Client access to records
Clients have the right to see their own case records and letters written or received on their behalf. Copies may be given to clients, but the originals should be retained in clinics’ files.
Where a client has made a complaint or a claim involving liability for wrong advice against the organisation any records or correspondence relating to the claim or complaint is confidential to the organisation and should be stored separately to the original case record.
Conflict situations
In rare situations the duty of confidentiality and the duty to disclose may come into conflict with each other. If you are in any doubt you should consult the SRA Handbook and contact the SRA ethics line on 0370 606 2577.
Breach management
A breach can happen for a number of reasons, including loss or theft of data or equipment on which data is stored (including break-in to a clinic’s premises); human error, such as referring to confidential information outside the clinic environment or other erroneous or mistaken disclosure; inappropriate access controls allowing unauthorised use; equipment failure; access where information is obtained by deceiving the organisation that holds it.

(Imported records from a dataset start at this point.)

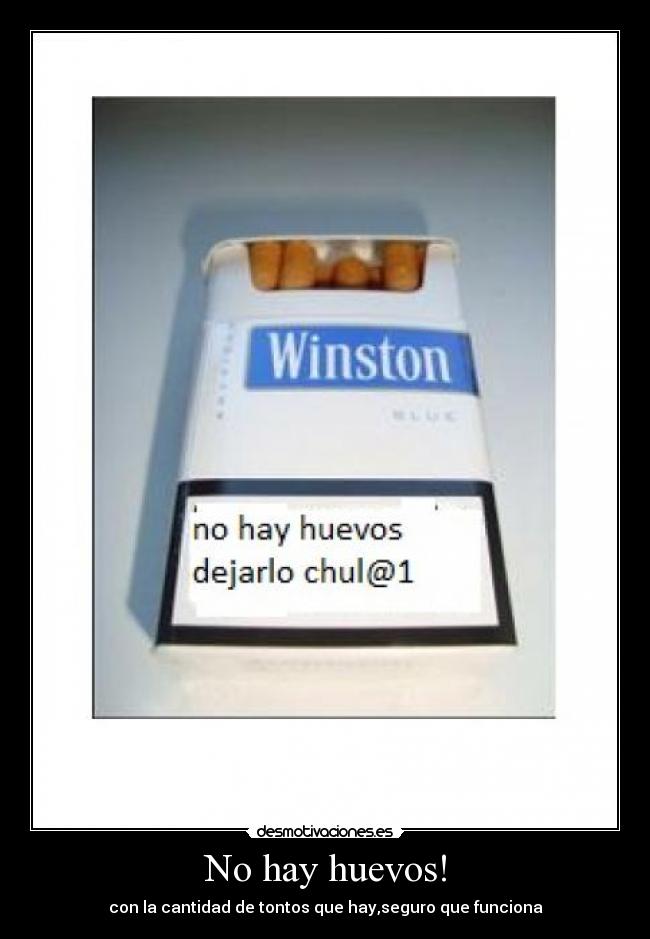 No hay huevos! - con la cantidad de tontos que hay,seguro que funciona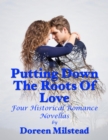 Image for Putting Down the Roots of Love: Four Historical Romance Novellas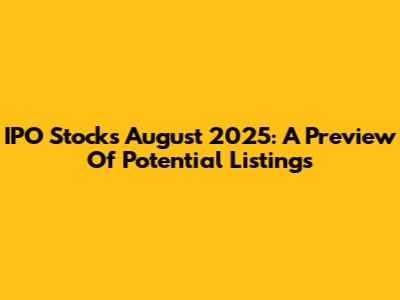 IPO Stocks August 2025: A Preview Of Potential Listings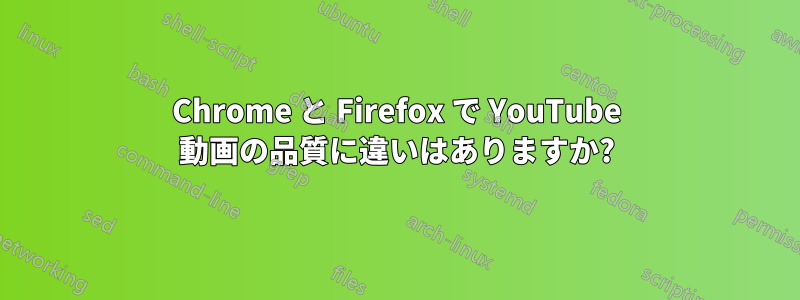 Chrome と Firefox で YouTube 動画の品質に違いはありますか?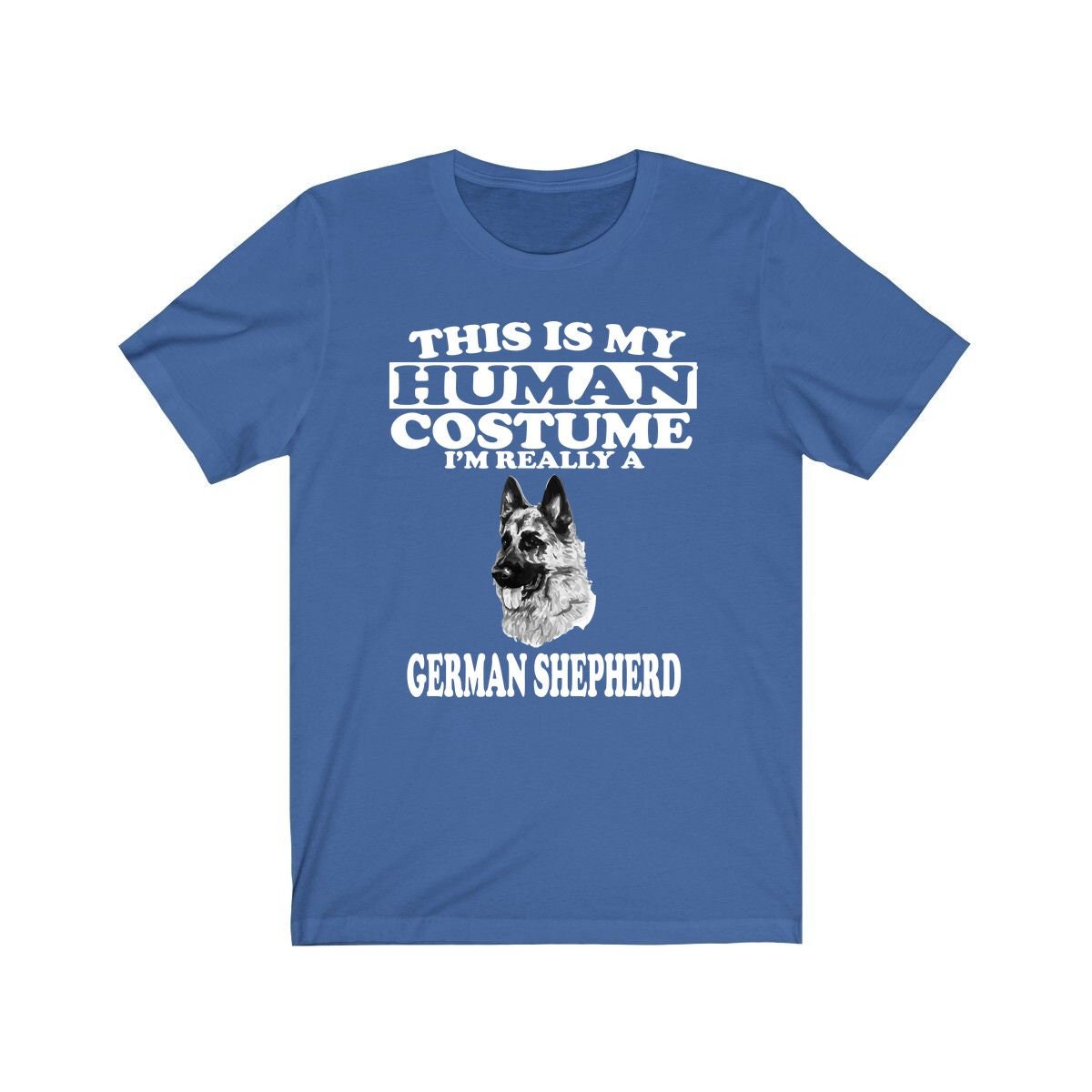 This Is My Human Costume I'm Really A German Shepherd Dog Shirt, Dog Lover Shirt, German Shepherd Shirt, Dog Funny Gift, Animal Gift Image 1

Actual or potential breaches of confidentiality should be notified to clinics’ coordinators. Clinics Coordinators must take immediate remedial action, including any necessary action to prevent any further breaches of confidentiality. A breach of confidentiality might also indicate the need for further staff training and/or management.
Clinics coordinators should refer to clinics’ insurance policy in the event of a breach of client confidentiality.